→ **WHAT THE EXERCISE ASKS**
Write out the entries below exactly, but only from the line containing "Michael Aram Butterfly" through the line containing "Hatley tools longsleeve 4y", and without the pictures.

━━━━━ LISTED RECORDS

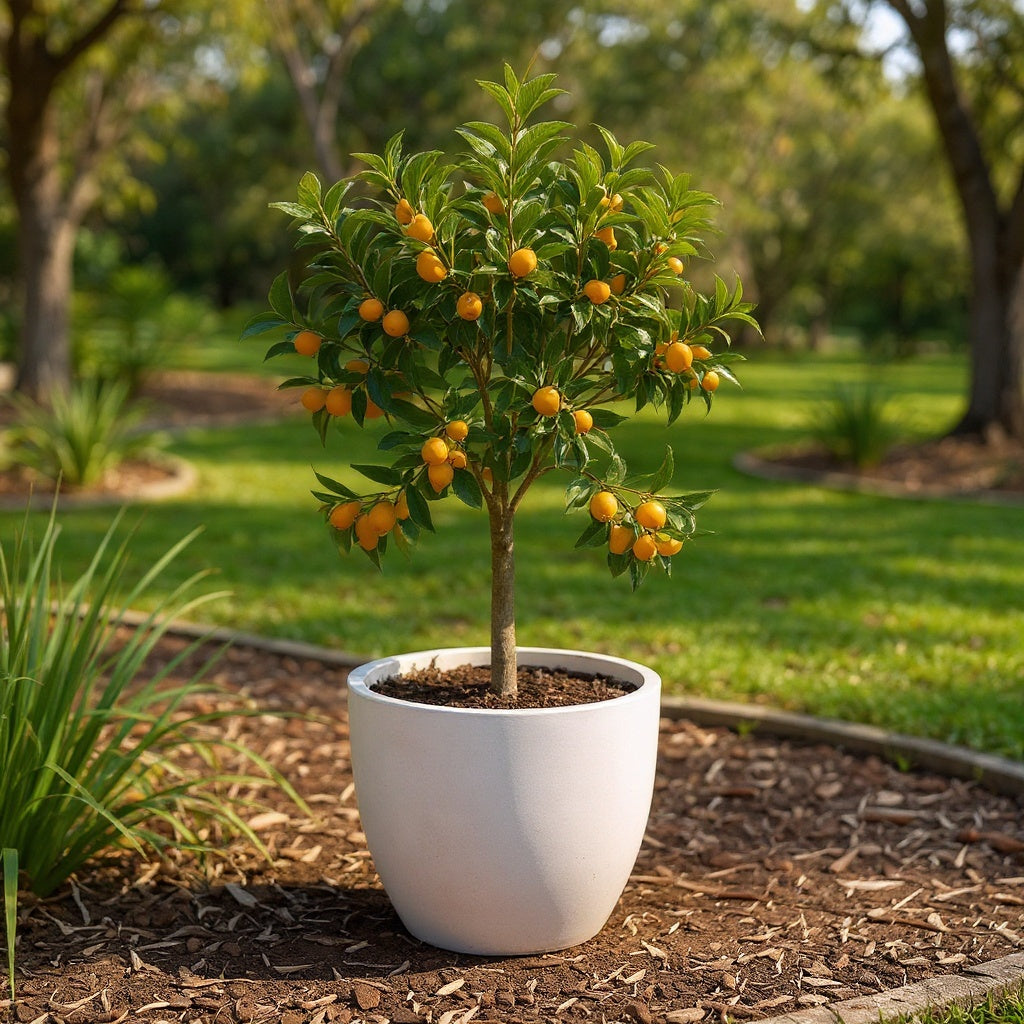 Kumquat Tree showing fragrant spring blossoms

━━━━━━━━━━
━━━━━ LISTED RECORDS

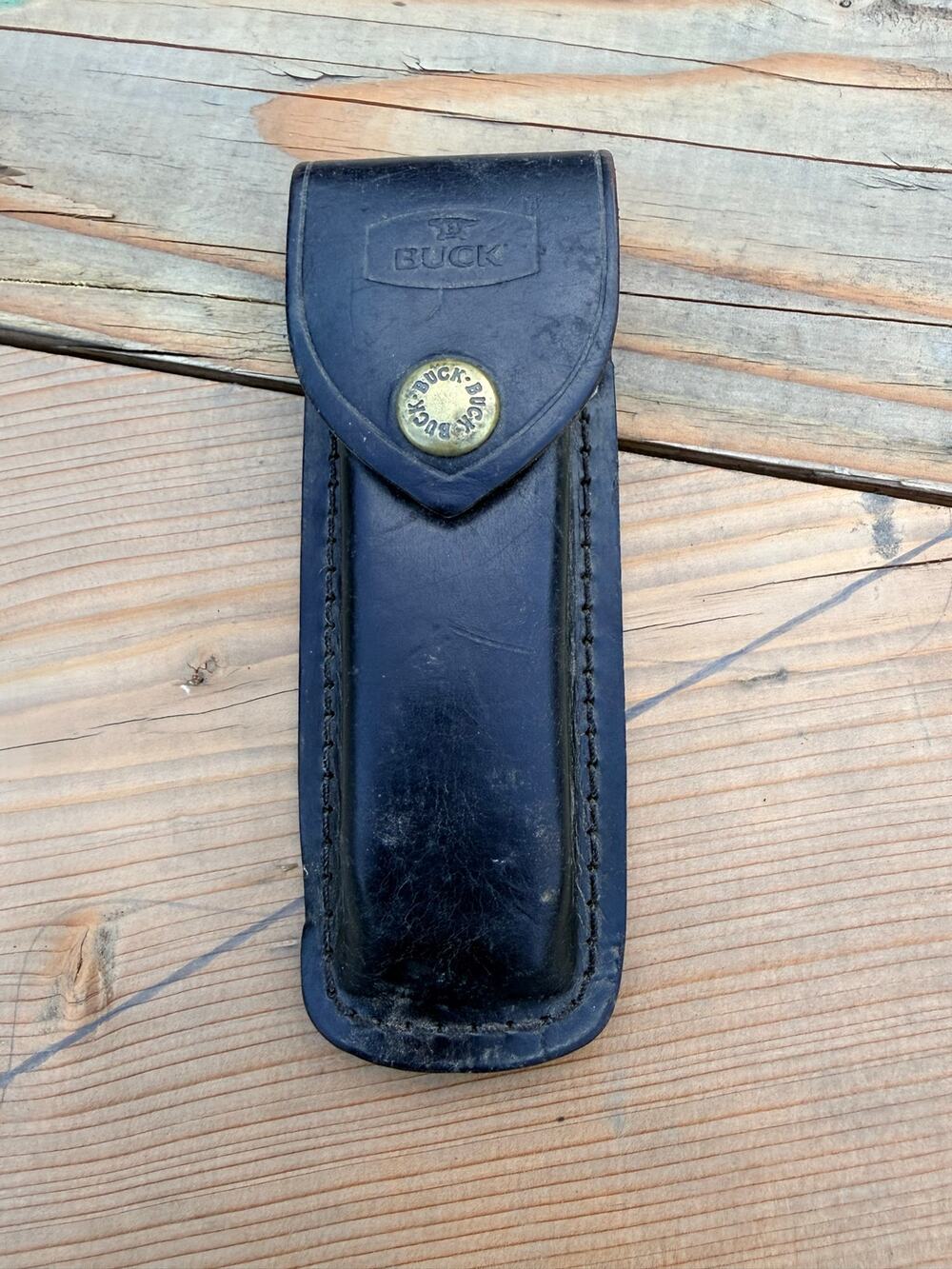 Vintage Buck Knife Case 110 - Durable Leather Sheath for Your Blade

━━━━━━━━━━
━━━━━ LISTED RECORDS

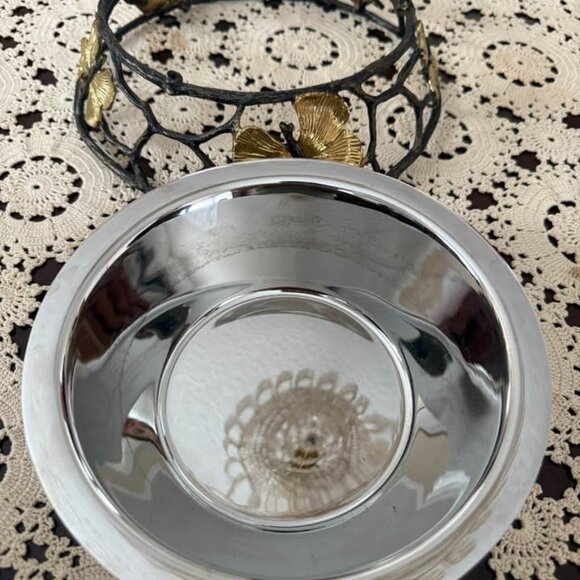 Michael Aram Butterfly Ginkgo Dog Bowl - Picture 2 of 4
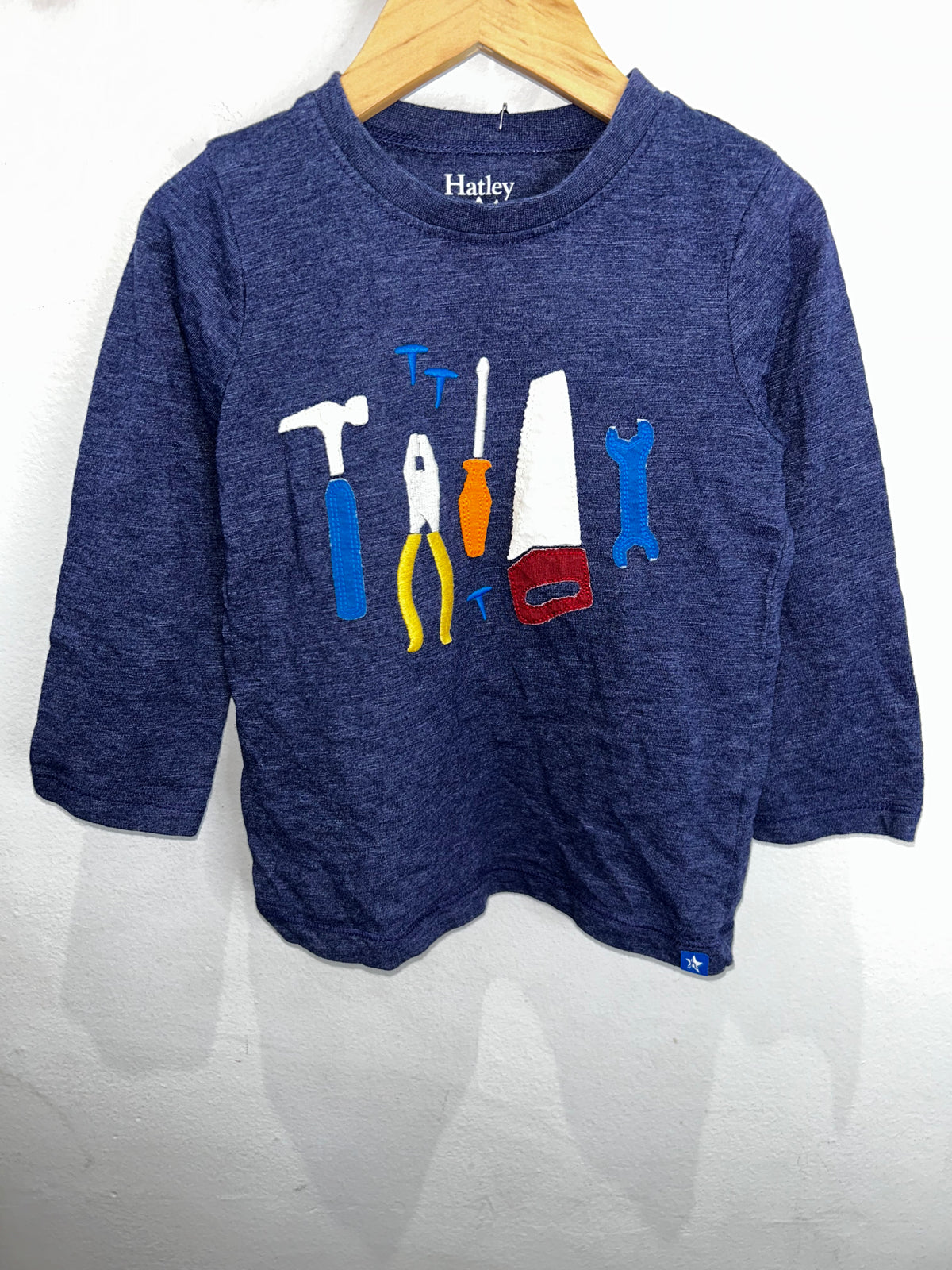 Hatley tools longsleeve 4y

━━━━━━━━━━

→ **ANSWER TO THIS PROBLEM**
 Michael Aram Butterfly Ginkgo Dog Bowl - Picture 2 of 4
 Hatley tools longsleeve 4y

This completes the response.